Stored data:
»»
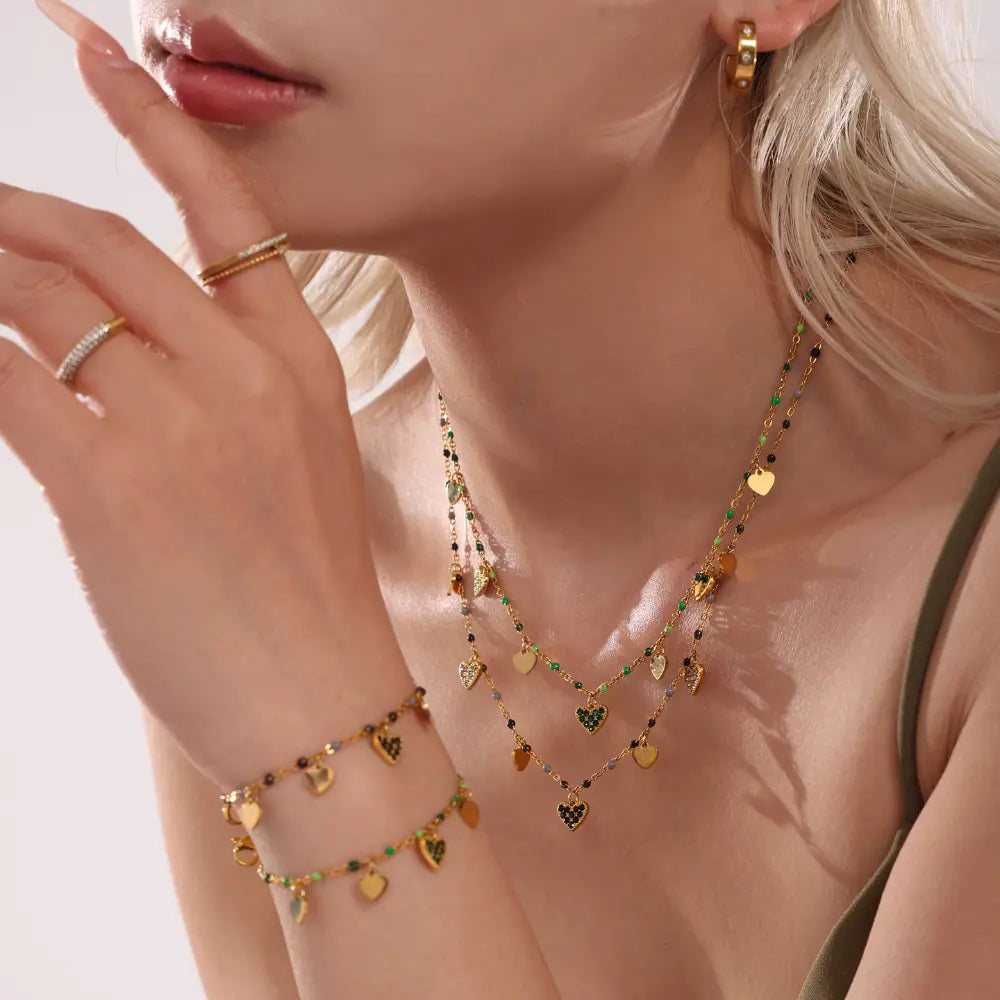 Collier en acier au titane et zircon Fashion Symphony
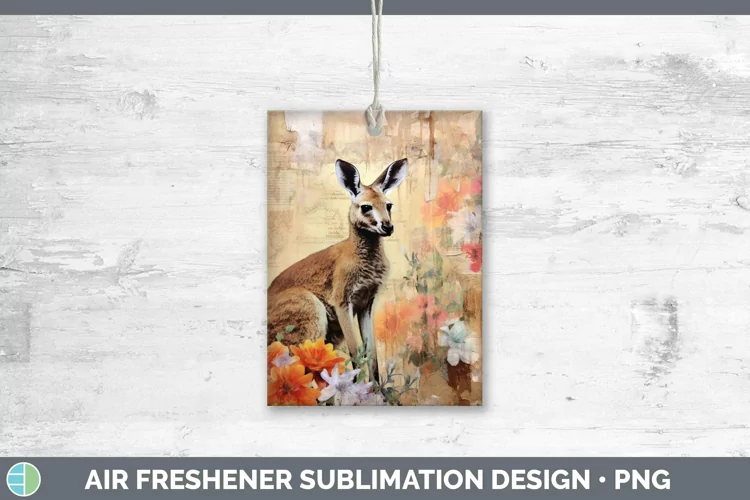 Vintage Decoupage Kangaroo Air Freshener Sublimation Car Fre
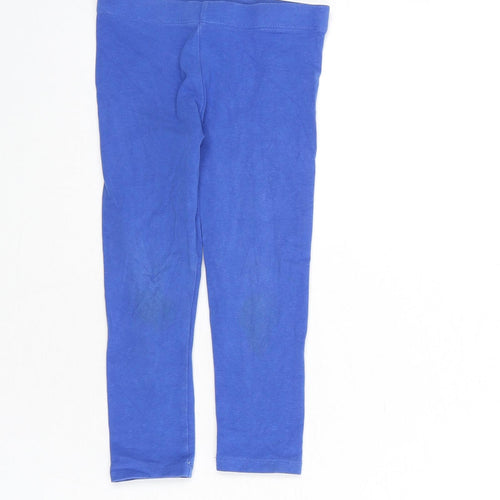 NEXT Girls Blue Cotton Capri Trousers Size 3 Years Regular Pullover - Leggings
««
Instructions to follow: Copy out every line of the material above precisely, omitting the pictures.

Solution to this exercise:
 Collier en acier au titane et zircon Fashion Symphony
 Vintage Decoupage Kangaroo Air Freshener Sublimation Car Fre
 NEXT Girls Blue Cotton Capri Trousers Size 3 Years Regular Pullover - Leggings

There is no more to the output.